また、今まで口頭と文章だけでアイデアのイメージを共有していたため、企画・開発者間でも製品のイメージに対して認識齟齬が発生していました。
そこで、サービスデザインの手法を取り入れ新規事業創出活動を行うプロセスに導入し、アイデアの企画段階からストーリーボード形式のプロトタイプを用いてユーザー課題やアイデアの仮説検証を行うプロセスに変更。
チーム全員で意見を出し合いながらまずはストーリーボード形式のプロトタイプを作ることで、アイデアの概要・提供価値・利用方法について認識齟齬が発生している部分を明らかにし、内容をすり合わせることに繋がりました。
さらに、社内有識者向けのインタビューにおいてはサービスの利用イメージを正しく伝えることができ、そもそもの課題の認識がずれていることや、アイデアの何がユーザーの働く環境にマッチしていないのかといった有益な意見を聴き出すことができました。
その後も、開発者とのイメージ共有にプロトタイプを活用し、早期リスク低減・認識齟齬防止の活動を続けております。
自動車メーカー様
シニア向けに「新たな移動手段」を提供するアイデアを企画するプロジェクトにおいて、段階的にアイデアの仮説検証を行なった事例です。

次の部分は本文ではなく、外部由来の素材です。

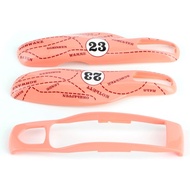 Car Key Shell, Pink Pig Key Case Remote Key Fob Cover Trim Pink Protective Case Compatible with Caye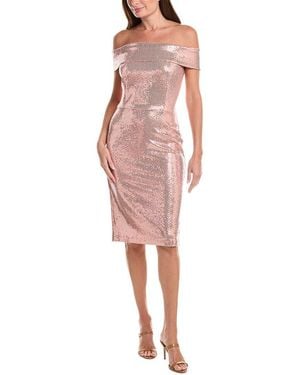 Issue New York Sequin Sheath Dress - Pink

最初のコンセプトレベルの検証では、ストーリーボードを用いて検証を行ないました。ユーザーの現状や課題についてのフィードバックは収集できるものの、サービスに対しては「どんな風に使うのかわからないから何とも言えない…….」と回答される方が多くいました。
そこで、次のステップではサービスの特徴と利用の流れを具体化した上で、パンフレット形式でよりサービスの内容をイメージできる形にしてユーザー検証を行いました。ストーリーボードでは収集できなかったサービスに対するフィードバックを多く収集することができました。
最後に、フィードバックを踏まえ利用の流れを改善し、動画形式でサービスを擬似体験できる環境を用意し、ユーザー検証を行いました。
上記の流れで、ユーザーだけでなくチーム内でのアイデアの解像度を高めていくことで、短期間で確度の高いアイデア創出に繋がりました。
まとめ:プロトタイプは「学習のための投資」
製造業において、プロトタイプは単なる「試作品」ではなく、「学習のための投資」と捉えるべきです。
完成品に近いプロトタイプでなくても、アイデア仮説検証の目的・目標を明確にし、プロトタイプを用いてユーザーからフィードバックを得ることで、貴重な学びを得ることができます。特に、顧客課題起点の新規事業創出においては、早期かつ繰り返し検証を行なってアイデアの解像度を高めていくことが成功の鍵となります。
製造業の強みである高い技術力に、プロトタイプを活用した高速で検証する文化を組み合わせることで、市場のニーズに的確に応える製品やサービスを生み出すことが可能になるでしょう。「作って終わり」ではなく、「作って学び、改善する」サイクルを回し続けることが、これからの製造業に求められる姿勢だと考えます。